The second thing I have noticed is that you put the ndb_mgmd on one of the NDB machines. I don't know if this really works, but from my experience it is somehow buggy. Try putting the ndb_mgmd service on another machine (even a celeron 300 would do the job).
James Lesworth wrote:
Hello list,
Yesterday we completed what we thought was a successful upgrade from a single MySQL database to a nice new ndb clustered system. This morning all hell broke lose and we have had to roll back to our previous setup. I have had a dig around on the list, docs, and goggle and pestered everyone I know who knows even a little about ndb but with no luck. If you have a few spare minutes could you have a look over the details below and tell me what I did wrong as I have reached the limit of what I can debug.
Many thanks in advance.
James
The issue we are getting that transaction time goes though the roof. Statements that took a few msec before start to take 40+ seconds. However, this is not always the case. We have cleaned the database of all data and moved it back into the live envy, i.e. it has 0 rows, things seem ok for about 40seconds and then the statement time goes up again, that’s with maybe 300 rows. In the logs on the devices issuing the insert query ( listed below ) we have a lot of these errors DBD::mysql::st execute failed: Lock wait timeout exceeded; try restarting transaction DBD::mysql::st execute failed: Got error 4350 'Transaction already aborted' from ndbcluster at Which seems to suggest its a locking issue. I turned on the slow log and was seeing almost every transaction in it, # Query_time: 58 Lock_time: 3 Rows_sent: 3 Rows_examined: 8307 select user,pass,time,sessions.session from `attributes` left join sessions on attributes.sso_id=sessions.sso_id where `attributes`.`sso_id`='c92a3c8e2702c87fc24fff518d983139'; There were many others with Lock times up towards 20seconds
While the NDB was in the live env I picked one of the insert statements and was running it on the MySQL console. It would run ok for a period of time and then would suddenly take 30-50seconds to complete. The few requests might also take the same period of time, but after that it would return to normal again. After a period of time where the query time had dropped back down it would once again rise up again. On my second test of the ndb back in the live environment after about 90seconds all queries stopped and I had to once again back out the changes. Sometimes I would see a Lock error reported on the console other times the statement would complete successfully after a few msec or up to 50 seconds.

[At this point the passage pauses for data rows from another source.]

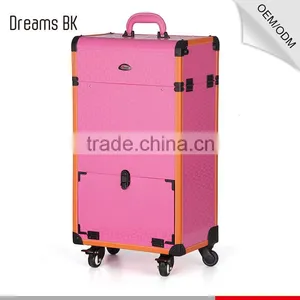 Pink Rolling Makeup Case With Trays thumbnail-1
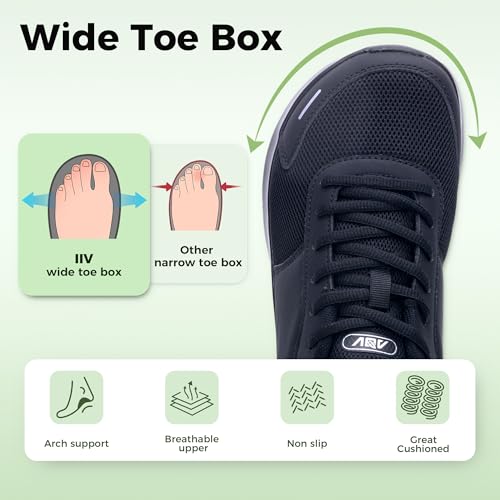 Image of IIV Women Wide Toe Box Walking Sneakers Arch Support Plantar Fasciitis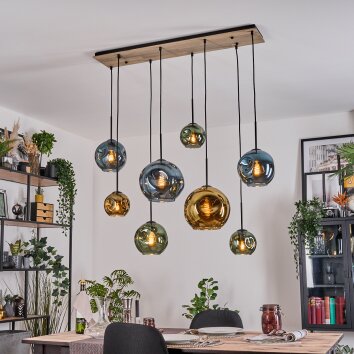 Ripoll Hängeleuchte Glas 15 cm, 20 cm, 25 cm Naturfarben, Schwarz, 8-flammig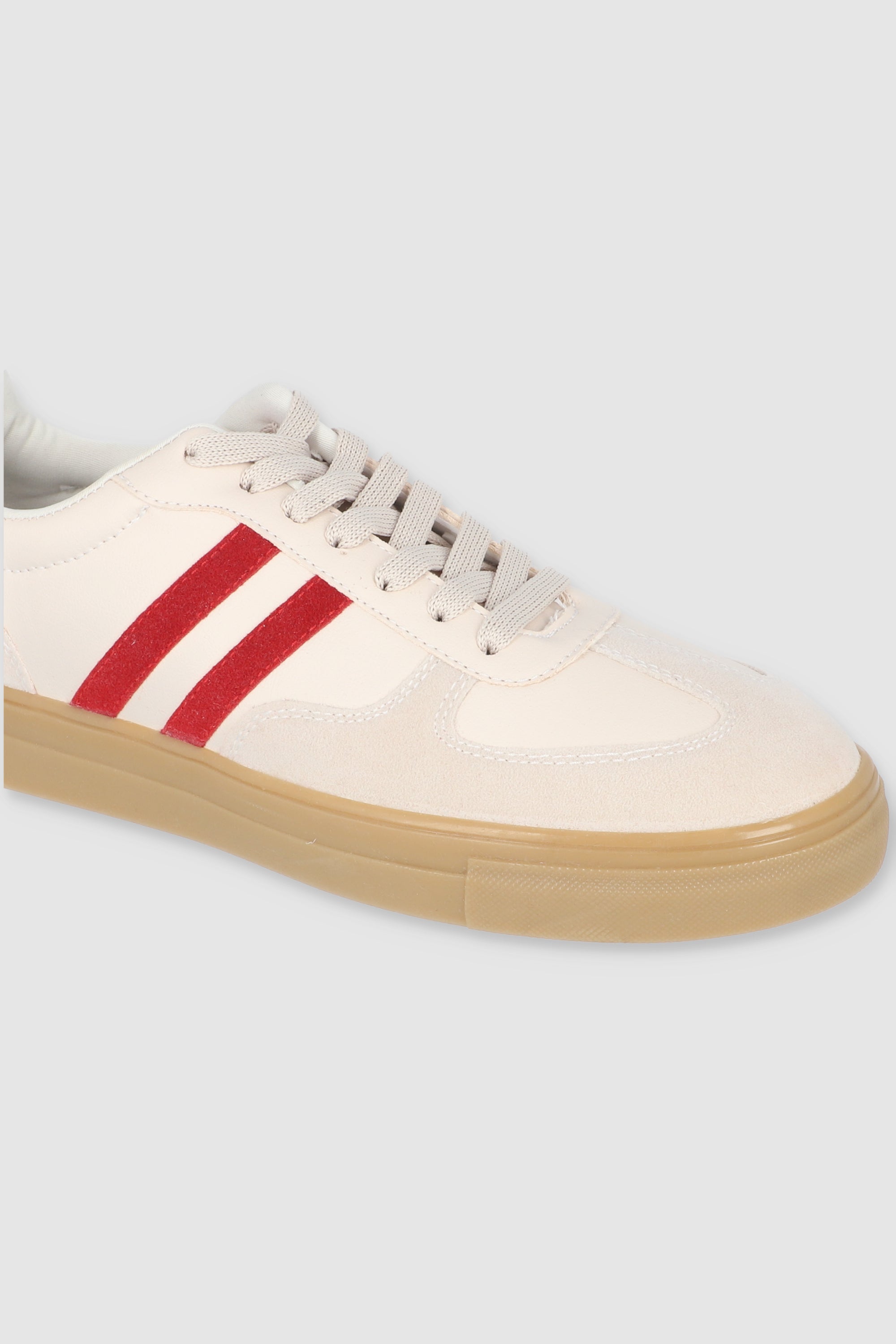 TENIS DOS LINEAS SUELA ALTA ROJO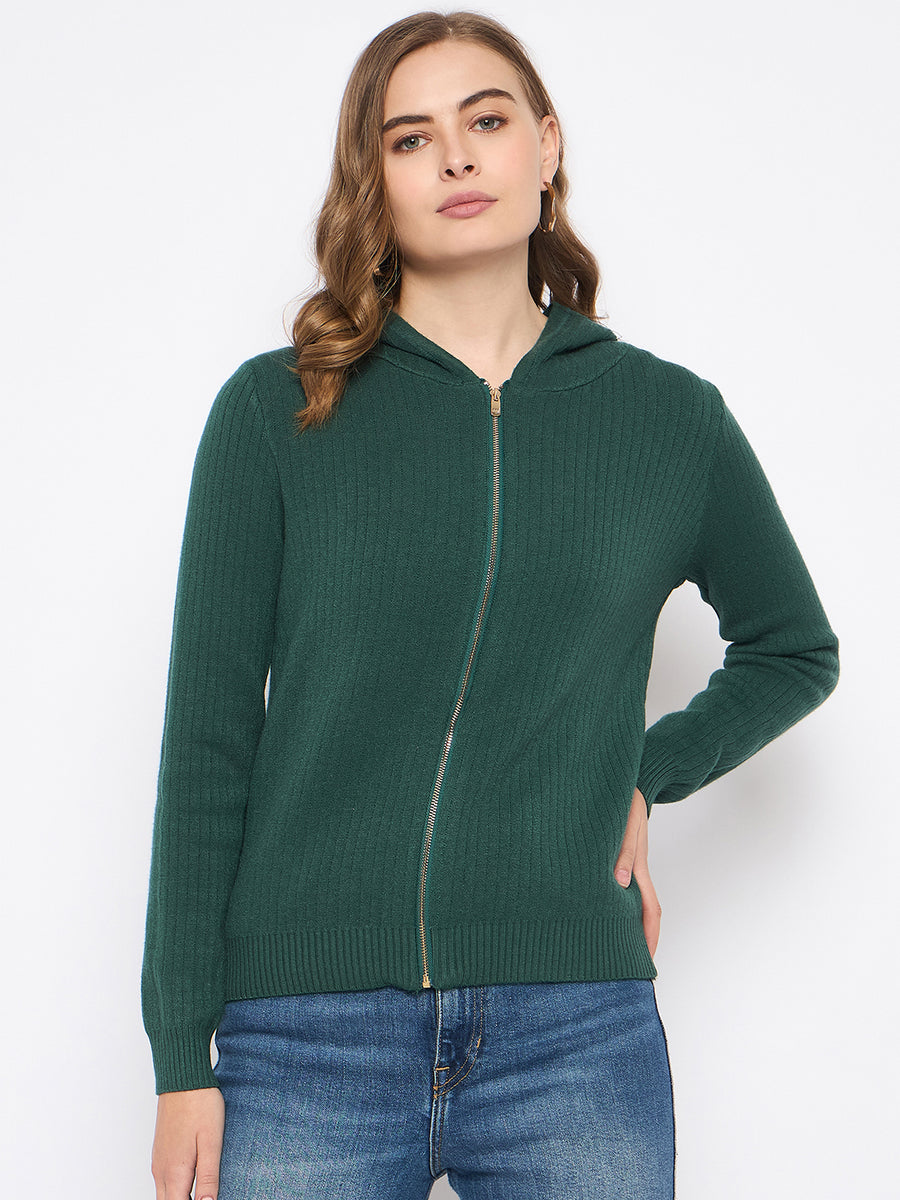 Madame Zip Solid Green Hooded Sweater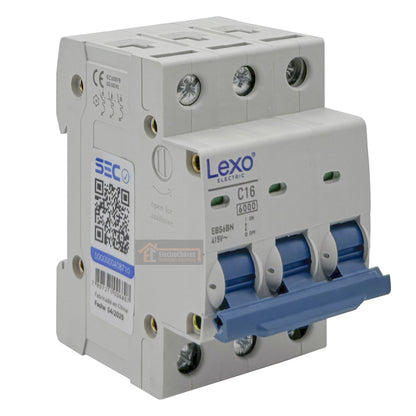 Interruptor Disyuntor Automático Tripolar 3p 16a (3x16a) 6ka Curva C - Lexo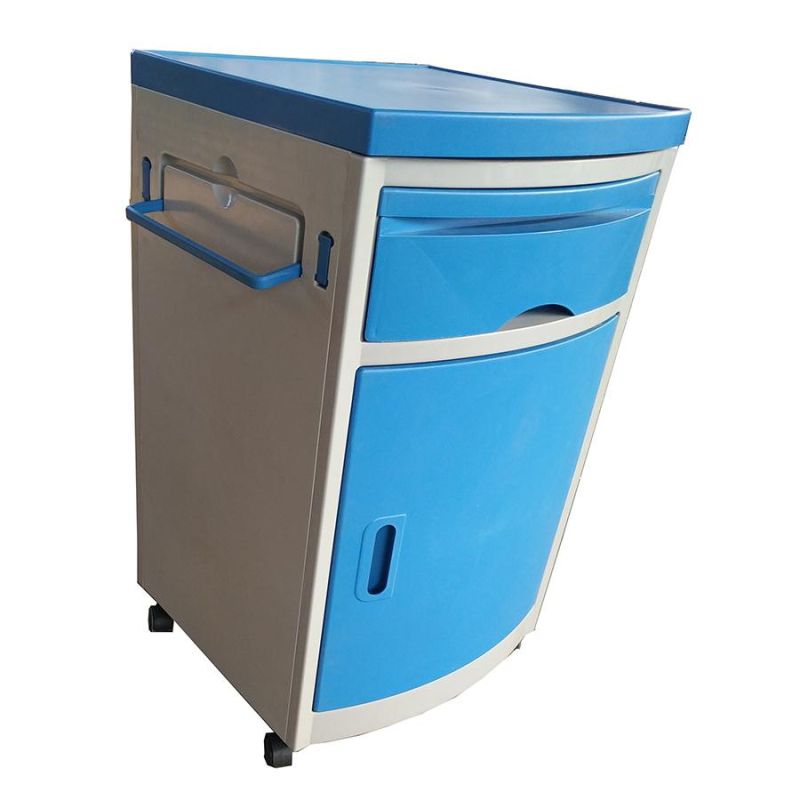 High Quality Cheap ABS Hospital Bed Side Storage Cabinet with Drawer 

My first suspicion was a network issue, as was everyone else I have spoken to. However, having looking on the switch and the devices I can see no rx or tx errors. I have setup a `ping -f -s 1200` between both devices for a good hour and not seen a single packet lost. I have also tested the speed between the two using a large file and I get a between 90-110MByte each way.
All the logs on the NDB and sql show no indication of anything being wrong.
The load on the cluster is not that great at present either, school holidays and its 90% used by them. Averaging about 31 statements a second with ~17% of the total statements being inserts and ~2% being updates.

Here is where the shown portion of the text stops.